For Lacuna,she used newspaper archives, visits to Mexico (she lived nearby in Arizona for many years), "mountains" of reading about the Mexican revolution and letters between Diego and Trotsky. (A previous acclaimed novel, The Poisonwood Bible, published a decade ago, also used the approach of intensive research, creating a vivid world of missionaries and revolutionaries in the Congo.)
Next she creates a detailed map of the book, with flow-charts, then revising her way through as many as 12 drafts, honing the setting, the characters and the story.

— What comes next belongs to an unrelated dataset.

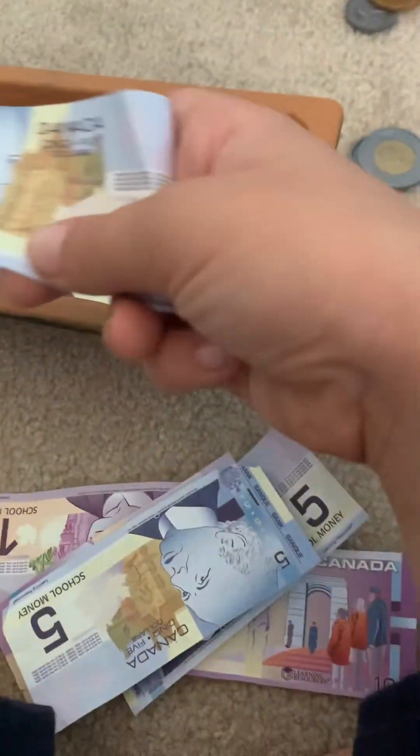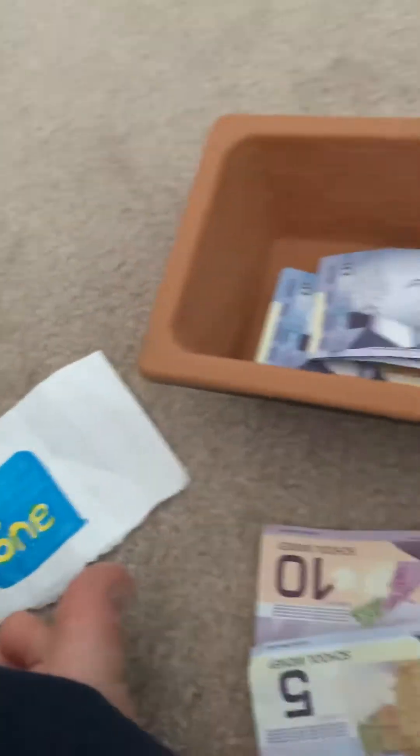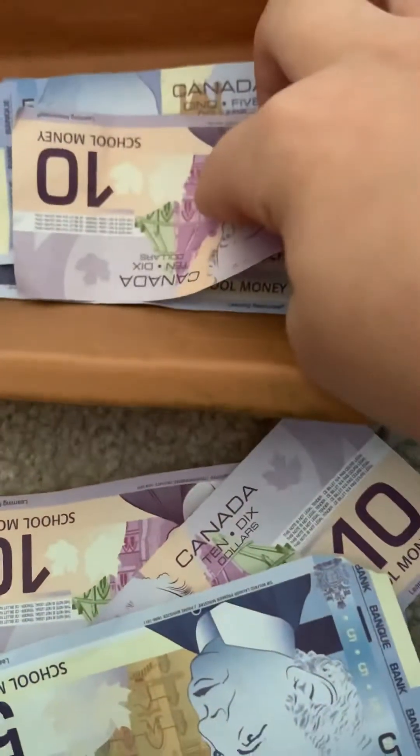We're going to count all of those money bills. We count 5, 10 — what's this number? It's going to be 15, and then it becomes 20, and then 30.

The final published book feels effortlessly written for the reader. “I take the approach of a scientist,” she says. “You are taking in a lot of information, but you don’t want it to read like it’s hard work, you want to be like the ballerina who seems to appear weightless when in fact her knees are hurting.”
A slim, youthful woman in her late 40s with greying hair, Kingsolver – the daughter of a physician – got a doctorate in evolutionary biology and the genetics of social behaviour in her early 20s, with a dissertation on termites. She did lab-work and scientific writing, but also wrote poetry and short stories that sold to literary journals and magazines, again and again, encouraging her to take up freelance writing full-time. This led to seven novels, two collections of essays, one of poetry, and two non-fiction books.
A constant reader from childhood, she never took a creative writing course and doesn’t believe in them: “The only thing that will teach you about writing is literature.” And the only thing that will teach you about life, she adds, is living it. Her first husband, who she married at 23 after a period of living with him, died of a severe mental and physical illness. As a single mother, she was the sole breadwinner and couldn’t afford health insurance.
Life is a bit easier now in the Appalachian mountains of Virginia at the home she shares with her second husband, near her childhood home. “I’m a very hard worker. I wake up at four or five in the morning and start right to work. I’ve done three or four hours work before anyone else in the house is awake. Then I walk my 14-year-old daughter to the school bus, and work as hard as I can until I have to stop. When I’m in the grip of a novel, I never want to stop. I feel very lucky that for 20 years I’ve written books for a living and not many of us get to do that.”
She credits her agent of 20 years, Francis Goldin. “She told me from the beginning, don’t worry about the marketplace. You have interesting ideas. You have a very unusual perspective. You write about things most people would not consider marketable, but I don’t care. Send your writing to me and don’t feel pressured to become more commercial.” She has worked with only two editors at Harper Collins in her career.
“The only bit of advice I would give anyone is learn as much as you can about the world because you have to have something to write about. You have to know something other people don’t know, to be worthy of their time.” She won’t give away the idea for the novel she is currently brewing, except to say that her work grows out of her passions and her worries. Her preoccupation these days is “how we humans can look at evidence of something terrible right in front of our faces and we can refuse to see it. I’m trying to figure out why.” She is already deep in research, which involves reading a lot of psychological material and consulting a circle of experts in an attempt to figure out the phenomenon of denial.
Put together her interest in ecology, biology and genetics with her passion for seeking out human truth, and perhaps there is a clue there to what her next book will be, or maybe not. But be prepared to wait several years while this scientist of literature figures it out with her research, her flow-charts and her passion.